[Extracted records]
_____

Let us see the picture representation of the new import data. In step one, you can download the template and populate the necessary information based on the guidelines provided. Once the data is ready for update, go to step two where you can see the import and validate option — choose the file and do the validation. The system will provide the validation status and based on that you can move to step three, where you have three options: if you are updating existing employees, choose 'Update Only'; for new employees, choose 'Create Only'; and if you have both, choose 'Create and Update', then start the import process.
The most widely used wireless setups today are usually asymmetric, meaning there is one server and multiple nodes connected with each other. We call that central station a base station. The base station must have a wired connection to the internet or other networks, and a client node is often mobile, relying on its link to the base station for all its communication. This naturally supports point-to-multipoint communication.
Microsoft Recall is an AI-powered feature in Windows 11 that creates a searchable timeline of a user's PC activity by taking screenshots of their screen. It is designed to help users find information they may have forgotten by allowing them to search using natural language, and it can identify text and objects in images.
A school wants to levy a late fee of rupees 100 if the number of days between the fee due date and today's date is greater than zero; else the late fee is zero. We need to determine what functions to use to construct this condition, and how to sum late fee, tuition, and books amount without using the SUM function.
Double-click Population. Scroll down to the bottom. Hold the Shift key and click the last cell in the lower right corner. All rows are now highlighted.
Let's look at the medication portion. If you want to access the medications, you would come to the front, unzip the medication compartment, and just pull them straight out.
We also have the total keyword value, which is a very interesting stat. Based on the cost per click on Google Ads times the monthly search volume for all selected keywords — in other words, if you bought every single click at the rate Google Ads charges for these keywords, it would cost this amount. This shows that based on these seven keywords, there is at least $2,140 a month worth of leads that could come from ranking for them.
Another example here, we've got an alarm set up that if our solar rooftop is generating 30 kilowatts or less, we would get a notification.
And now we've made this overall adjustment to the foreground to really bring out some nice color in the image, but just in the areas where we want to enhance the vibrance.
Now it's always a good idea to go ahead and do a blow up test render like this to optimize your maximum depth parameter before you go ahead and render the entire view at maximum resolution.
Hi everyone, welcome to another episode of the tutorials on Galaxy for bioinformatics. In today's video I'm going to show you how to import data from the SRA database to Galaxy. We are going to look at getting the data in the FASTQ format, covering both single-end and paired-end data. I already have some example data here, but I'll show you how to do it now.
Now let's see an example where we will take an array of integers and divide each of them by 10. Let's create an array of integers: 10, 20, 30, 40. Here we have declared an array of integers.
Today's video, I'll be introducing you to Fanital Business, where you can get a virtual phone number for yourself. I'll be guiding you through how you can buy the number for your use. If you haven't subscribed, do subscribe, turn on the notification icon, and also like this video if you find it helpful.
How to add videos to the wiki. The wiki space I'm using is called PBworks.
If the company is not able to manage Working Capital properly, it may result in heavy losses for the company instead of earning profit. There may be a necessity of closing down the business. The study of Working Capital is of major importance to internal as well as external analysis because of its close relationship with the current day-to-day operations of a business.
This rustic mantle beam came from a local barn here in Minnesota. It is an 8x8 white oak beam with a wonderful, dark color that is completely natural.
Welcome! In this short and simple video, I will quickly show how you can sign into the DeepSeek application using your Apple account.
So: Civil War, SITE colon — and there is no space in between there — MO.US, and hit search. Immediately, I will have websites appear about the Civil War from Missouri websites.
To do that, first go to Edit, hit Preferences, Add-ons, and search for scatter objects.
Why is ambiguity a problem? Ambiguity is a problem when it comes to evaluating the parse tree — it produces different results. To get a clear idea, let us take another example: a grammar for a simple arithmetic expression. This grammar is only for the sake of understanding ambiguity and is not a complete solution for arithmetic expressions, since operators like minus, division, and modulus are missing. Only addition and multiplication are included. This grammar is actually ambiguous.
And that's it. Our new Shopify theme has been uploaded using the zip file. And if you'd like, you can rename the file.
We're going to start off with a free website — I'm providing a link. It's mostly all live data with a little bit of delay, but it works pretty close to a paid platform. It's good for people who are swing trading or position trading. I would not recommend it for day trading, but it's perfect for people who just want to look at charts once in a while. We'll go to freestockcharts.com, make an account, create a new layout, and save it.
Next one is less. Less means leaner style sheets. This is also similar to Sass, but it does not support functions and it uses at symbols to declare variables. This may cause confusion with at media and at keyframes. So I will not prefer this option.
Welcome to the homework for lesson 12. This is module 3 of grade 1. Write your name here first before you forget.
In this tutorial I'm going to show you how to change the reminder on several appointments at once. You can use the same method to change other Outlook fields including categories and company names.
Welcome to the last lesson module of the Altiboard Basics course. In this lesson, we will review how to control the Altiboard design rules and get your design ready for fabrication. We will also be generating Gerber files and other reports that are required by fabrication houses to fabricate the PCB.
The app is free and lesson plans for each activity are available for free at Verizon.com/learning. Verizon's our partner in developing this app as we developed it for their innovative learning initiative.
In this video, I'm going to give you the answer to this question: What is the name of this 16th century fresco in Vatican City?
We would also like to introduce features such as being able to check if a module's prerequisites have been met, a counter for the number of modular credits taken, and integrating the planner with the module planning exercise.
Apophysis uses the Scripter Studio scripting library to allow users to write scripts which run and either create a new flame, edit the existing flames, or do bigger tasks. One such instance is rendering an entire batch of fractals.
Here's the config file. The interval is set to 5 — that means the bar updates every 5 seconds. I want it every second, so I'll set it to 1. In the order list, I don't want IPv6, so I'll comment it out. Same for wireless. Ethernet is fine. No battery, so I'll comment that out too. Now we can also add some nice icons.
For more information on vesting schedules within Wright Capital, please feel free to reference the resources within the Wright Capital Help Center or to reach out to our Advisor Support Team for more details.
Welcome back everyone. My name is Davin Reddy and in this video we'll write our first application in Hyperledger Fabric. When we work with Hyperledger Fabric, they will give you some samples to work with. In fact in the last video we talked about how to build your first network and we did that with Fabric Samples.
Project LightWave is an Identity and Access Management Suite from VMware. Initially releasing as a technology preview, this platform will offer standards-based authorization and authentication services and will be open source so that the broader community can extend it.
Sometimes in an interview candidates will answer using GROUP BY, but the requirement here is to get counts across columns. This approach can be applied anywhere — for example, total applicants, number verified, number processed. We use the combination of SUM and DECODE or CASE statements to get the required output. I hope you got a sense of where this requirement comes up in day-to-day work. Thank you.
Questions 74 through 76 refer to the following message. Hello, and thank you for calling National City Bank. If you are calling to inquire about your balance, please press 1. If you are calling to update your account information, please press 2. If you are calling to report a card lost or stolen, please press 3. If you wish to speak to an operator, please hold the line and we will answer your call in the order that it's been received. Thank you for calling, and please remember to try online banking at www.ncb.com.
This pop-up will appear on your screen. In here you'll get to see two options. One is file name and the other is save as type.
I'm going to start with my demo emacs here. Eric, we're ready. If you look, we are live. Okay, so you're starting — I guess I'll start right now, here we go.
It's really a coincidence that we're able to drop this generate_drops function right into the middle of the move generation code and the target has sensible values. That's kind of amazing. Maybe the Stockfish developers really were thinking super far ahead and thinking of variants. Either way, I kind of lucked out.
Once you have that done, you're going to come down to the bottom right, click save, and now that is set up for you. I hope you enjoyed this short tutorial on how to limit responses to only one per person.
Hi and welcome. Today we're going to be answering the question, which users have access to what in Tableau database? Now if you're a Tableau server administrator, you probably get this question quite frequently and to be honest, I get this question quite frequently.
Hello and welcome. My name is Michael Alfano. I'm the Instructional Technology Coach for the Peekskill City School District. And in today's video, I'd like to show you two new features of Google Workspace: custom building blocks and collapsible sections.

_____

TASK GOAL:
Looking at the data above, write out exactly the lines that start at the one containing "We're going to start" and end at the one containing "In this video, I'm"; include both and nothing beyond.

EXERCISE SOLUTION:
We're going to start off with a free website — I'm providing a link. It's mostly all live data with a little bit of delay, but it works pretty close to a paid platform. It's good for people who are swing trading or position trading. I would not recommend it for day trading, but it's perfect for people who just want to look at charts once in a while. We'll go to freestockcharts.com, make an account, create a new layout, and save it.
Next one is less. Less means leaner style sheets. This is also similar to Sass, but it does not support functions and it uses at symbols to declare variables. This may cause confusion with at media and at keyframes. So I will not prefer this option.
Welcome to the homework for lesson 12. This is module 3 of grade 1. Write your name here first before you forget.
In this tutorial I'm going to show you how to change the reminder on several appointments at once. You can use the same method to change other Outlook fields including categories and company names.
Welcome to the last lesson module of the Altiboard Basics course. In this lesson, we will review how to control the Altiboard design rules and get your design ready for fabrication. We will also be generating Gerber files and other reports that are required by fabrication houses to fabricate the PCB.
The app is free and lesson plans for each activity are available for free at Verizon.com/learning. Verizon's our partner in developing this app as we developed it for their innovative learning initiative.
In this video, I'm going to give you the answer to this question: What is the name of this 16th century fresco in Vatican City?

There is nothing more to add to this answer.